Given the similar efficacy between nintedanib and pirfenidone, clinicians, policy makers and individuals with IPF will need to consider drug costs, pill burden, and safety and tolerability in making treatment choices [40]. Because IPF occurs in an older population who are likely to have co-morbid conditions, treatment administration (i.e. number of pills taken per day) and adverse effects related to each drug may be important considerations for patient satisfaction and treatment adherence. Ultimately, the choice between nintedanib and pirfenidone may depend on a wide range of factors such as patient lifestyle, co-morbidities, ability to tolerate treatment [51], and even personal values, aversion to risk, willingness to take medicines [52] and accuracy of information provided by the clinicians [40].

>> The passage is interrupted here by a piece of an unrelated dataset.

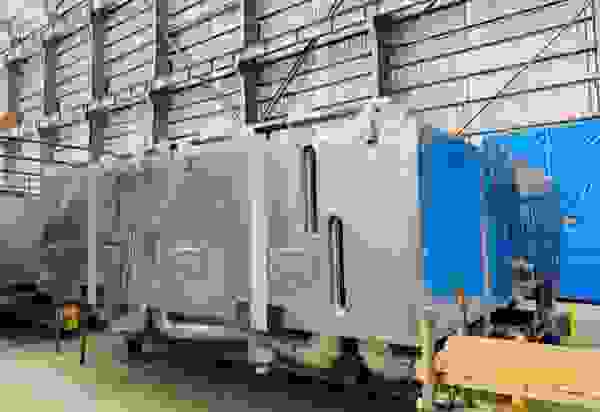Groot industrieel metalen apparaat met een zilveren en blauwe kleur, opgeslagen in een hal.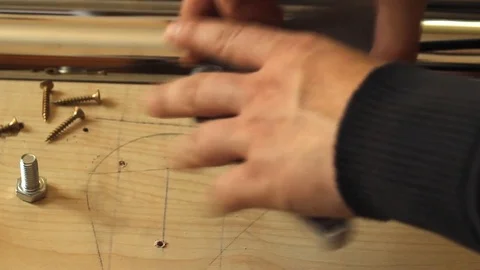 The Process of assembling the table. A young man fixes the table supports. Stock Footage 79899504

Future clinical trials and long-term follow-up studies should include survival and protection from acute exacerbations as outcomes, since they represent the ultimate goal of therapy and are likely to have a large impact on cost effectiveness. Prospective studies designed to capture the real-world impact of treatment tolerability and discontinuation are also needed, although our model was not particularly sensitive to changes in discontinuation.

5 Conclusion

Compared with placebo, nintedanib was statistically better in protection from acute exacerbations and delaying lung function decline. In the same comparison, pirfenidone was better than placebo in lung function decline. All comparators were estimated to have similar projected survival. Based on these efficacy outcomes, over a patient’s lifetime, nintedanib and pirfenidone accrued 0.5 QALYs more than BSC (placebo). Given the high incremental cost difference between nintedanib, pirfenidone and BSC, the ICER was over £100,000 per QALY gained. Nintedanib and pirfenidone were largely equivalent in estimated costs and health-related quality of life benefits in a pairwise comparison, and N-acetylcysteine was dominated by the reference treatment (BSC). The uncertainty around the results was driven mainly by the lack of statistically significant differences in the OS of the active treatments.